The records below:

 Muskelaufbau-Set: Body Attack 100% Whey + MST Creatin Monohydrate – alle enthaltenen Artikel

End of The records.
The records below:

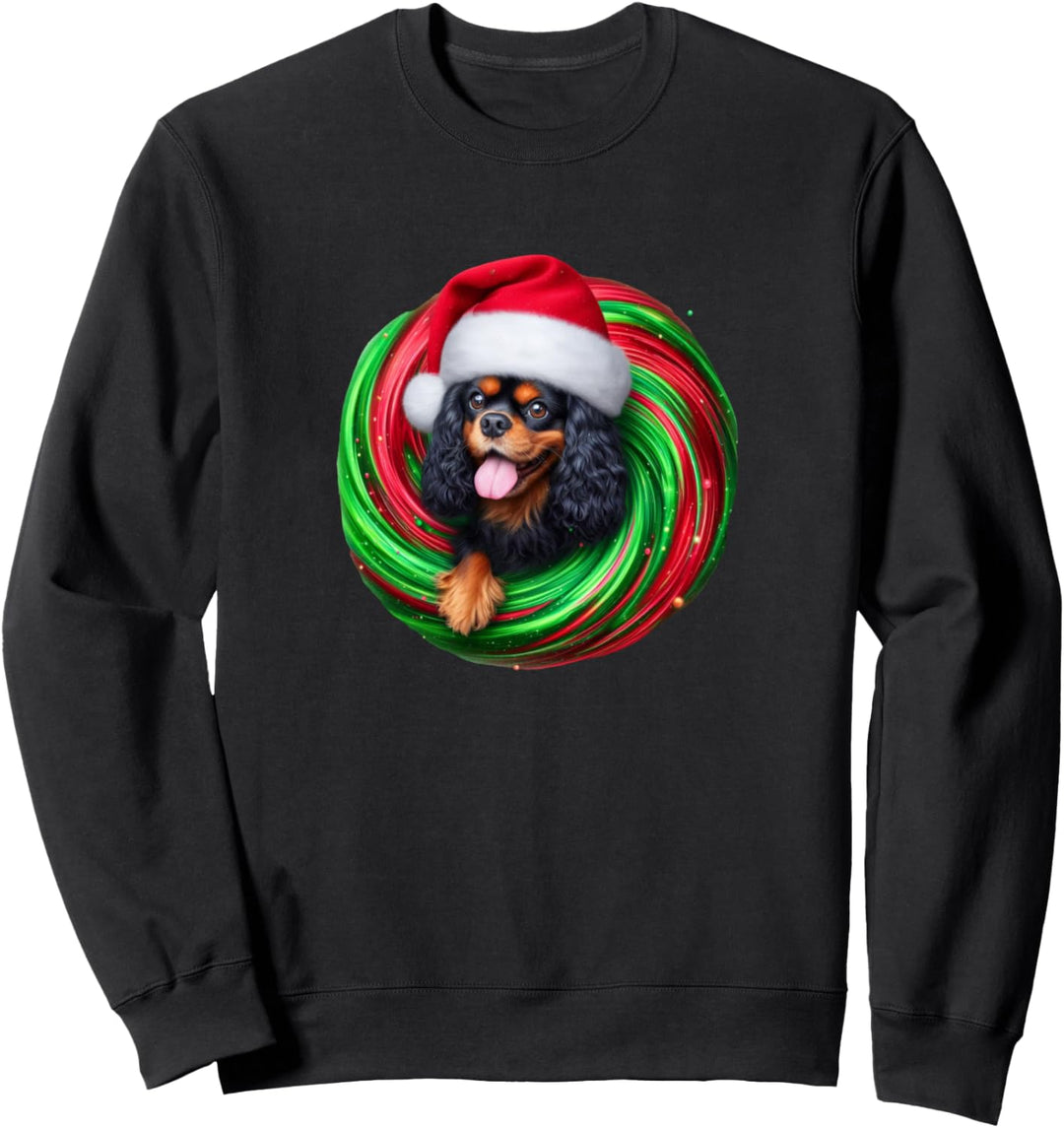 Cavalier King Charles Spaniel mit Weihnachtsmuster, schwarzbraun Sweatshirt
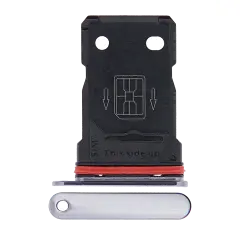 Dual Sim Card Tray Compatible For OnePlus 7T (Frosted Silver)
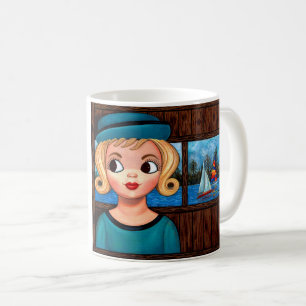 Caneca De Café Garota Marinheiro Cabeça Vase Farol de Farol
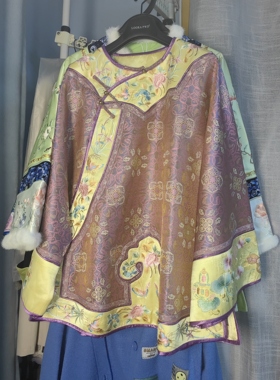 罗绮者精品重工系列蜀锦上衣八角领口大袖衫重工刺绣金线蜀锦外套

End of The records.

| What this task involves |
Copy only what lies between the line with "Cavalier King Charles" and the line with "罗绮者精品重工系列蜀锦上衣八角领口大袖衫重工刺绣金线蜀锦外套", those two lines included, exactly as given above; pictures stay out.

| Solved exercise |
 Cavalier King Charles Spaniel mit Weihnachtsmuster, schwarzbraun Sweatshirt
 Dual Sim Card Tray Compatible For OnePlus 7T (Frosted Silver)
 Caneca De Café Garota Marinheiro Cabeça Vase Farol de Farol
 罗绮者精品重工系列蜀锦上衣八角领口大袖衫重工刺绣金线蜀锦外套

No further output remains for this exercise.